My readers may be interested to know that in 2013, the Texas Lottery came under attack by opponents who felt, among other things, that lotteries are a burden upon the poor. After the Texas House of Representatives voted to abolish the Texas Lottery Commission in April, the decision was quickly reversed. See The Dallas Morning News for an update (April 24, 2013). One question to my mind is, given the substantial funding for Texas schools provided by the current lottery, how would those essential funds be replaced? We have twelve more years to consider this issue, and I have no doubt, the Texas Lottery will again come under attack in twelve years.
My person question is, would lotteries be expanded in Texas and other states to support other charitable causes?

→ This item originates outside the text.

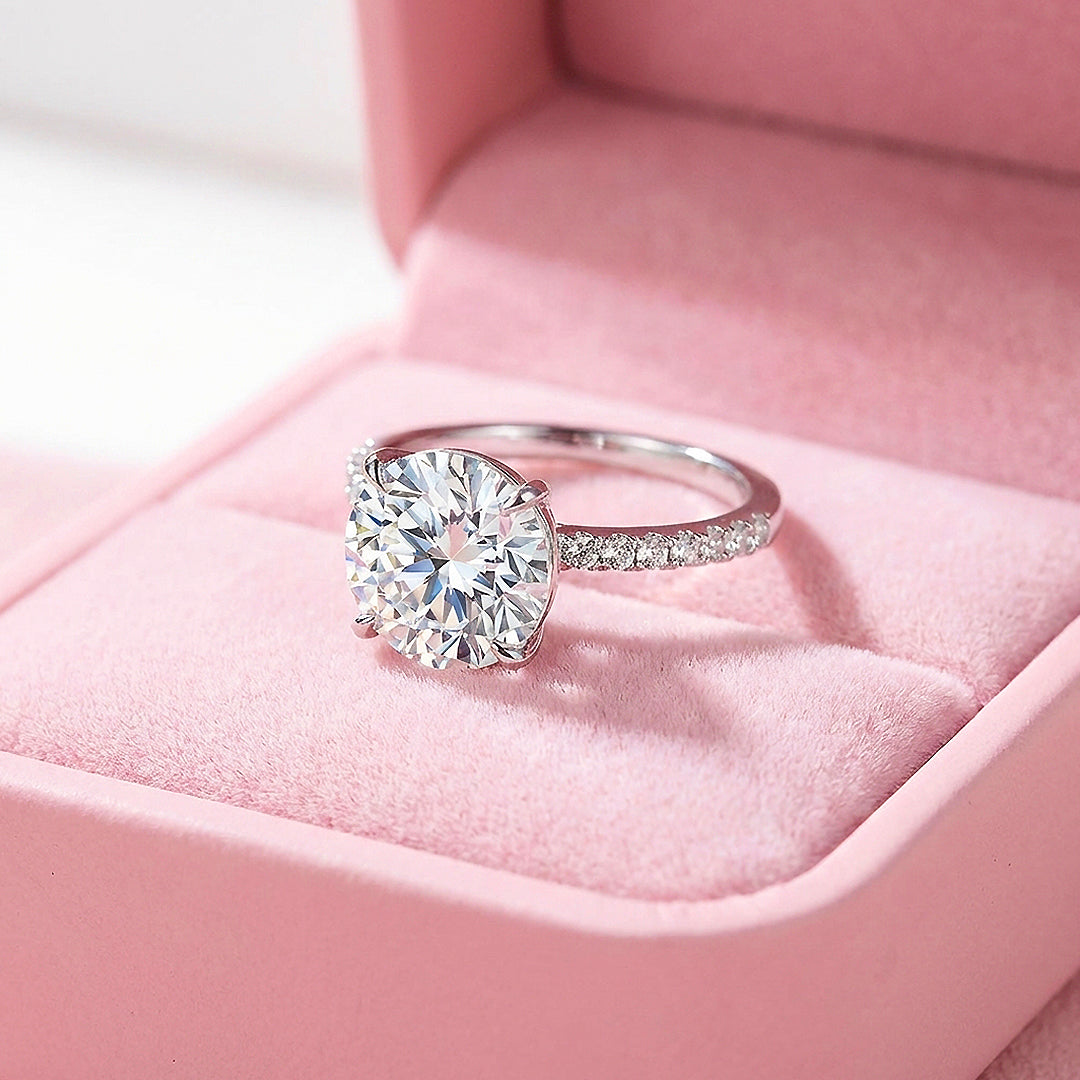 5 Carat Moissanite Engagement Ring | 925 Sterling Silver | PRM7193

I believe there is room for this concept, especially given today’s economic challenges and the ever-growing popularity of lotteries. Certainly, a successful lottery requires sophisticated, trustworthy management and a solid promotional plan.
I personally have never purchased a lottery ticket. In my opinion, U.S. lotteries such as we have in operation today have a negative connotation, bolstered by the occasional media exposes regarding winners whose lives have been destroyed. Click on the link for a 2008 article discussing the disastrous effects of the lottery on past lottery winners. And, some may have read about this recent case in the Christian Science Monitor, where a lottery winner was supposedly poisoned. Caution advised!

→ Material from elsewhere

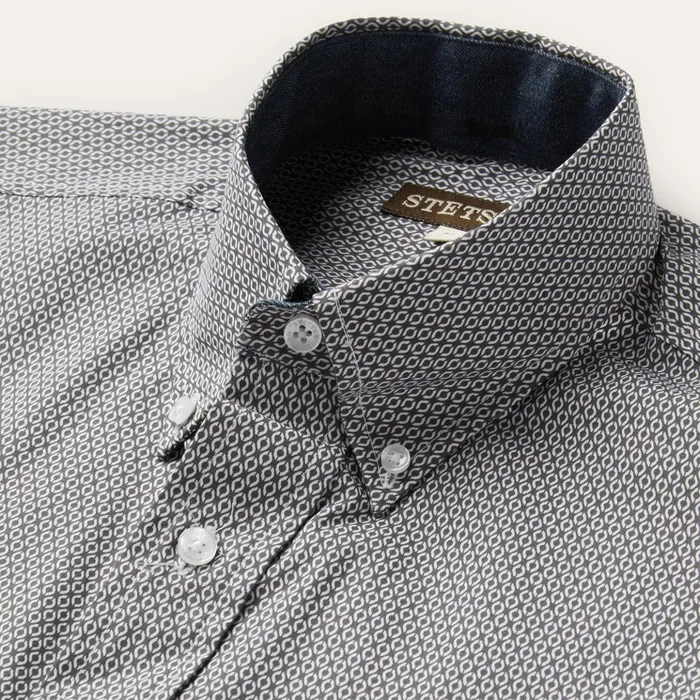 Classic Cut Men Stetson Grey Geo Print Button Front Shirt Grey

Having said that, should states like Texas develop new, “classier” lotteries in addition to those that exist today, ones that would be attractive to those among us who shun the lotteries currently in existence. Could one purchase lottery tickets at your charity of choice, in department stories (not just in convenience marts), at high-end restaurants, and online? Certainly, this is a big project that would take time to develop and implement properly, but I believe it is definitely worth consideration.
“Food for thought,” as they say, and thanks to Jan Wezendonk for helping me think in new ways!
~ My friend Jane Pulaski pointed out a website with more in-depth information regarding the Dutch Postcode Lottery, one of several operated by Novamedia. “Fifty percent of the Dutch Postcode Lottery’s gross proceeds goes directly to various charities. With 2.5 million participants and a total of 4.5 million tickets in 2011, the Postcode Lottery gave 284 million euros to more than 85 charities working in the fields of conservation, environmental protection, developmental aid and human rights.”
~ Here is an inspiring article about how charity lotteries in Europe have came to the rescue of several nonprofit organizations facing public funding cuts, “Big Lottery Fund gives £29m to 788 organisations that face cuts” by Andy Ricketts for Third Sector. I would like to thank Fundraising Success for highlighting this noteworthy story.
~ I found this article by Howard Lake in the Third Sector of great interest, “Twitter-based lottery aims to fundraise for charities,” from UKFundraising (October 7, 2011).
“The National Twotto is a new Twitter-based lottery for UK Twitter users that, if it attracts enough followers and sponsors, will distribute £1,000 a week to charity. Created by Manchester-based web developer Jono Casley, Twotto costs nothing to play. Instead, the weekly jackpot prize of £1,000 and charity donation of £1,000 will be paid for by sponsors. In return sponsors can promote their product or service to all those people taking part in the lottery by following @NationalTwotto on Twitter.”
They haven’t been active “tweeting” for a few months, but I’d love to see something along these lines happen in the U.S.
~ An example of how a charity lottery can benefit an important nonprofit project is discussed here: “Funding Boost for Historic North-east Park ~ Haddo Country Park Will be Reinvigorated with Money from the Heritage Lottery Fund,“ by Leanna MacLarty for stv news (December 19, 2011).
~ Maev Kennedy reports in The Guardian, “Scott’s lost Antartica photographs bought for the nation: Pictures acquired with help of Heritage Lottery Fund grant in time for centenary of ill-fated journey” (January 16, 2012).
~ From the Derby Telegraph comes another charity lottery success story, “£100,000 Grant Handed to City Museum to Buy Joseph Wright Paintings” (April 26, 2013), which describes funding provided by the Heritage Lottery Fund.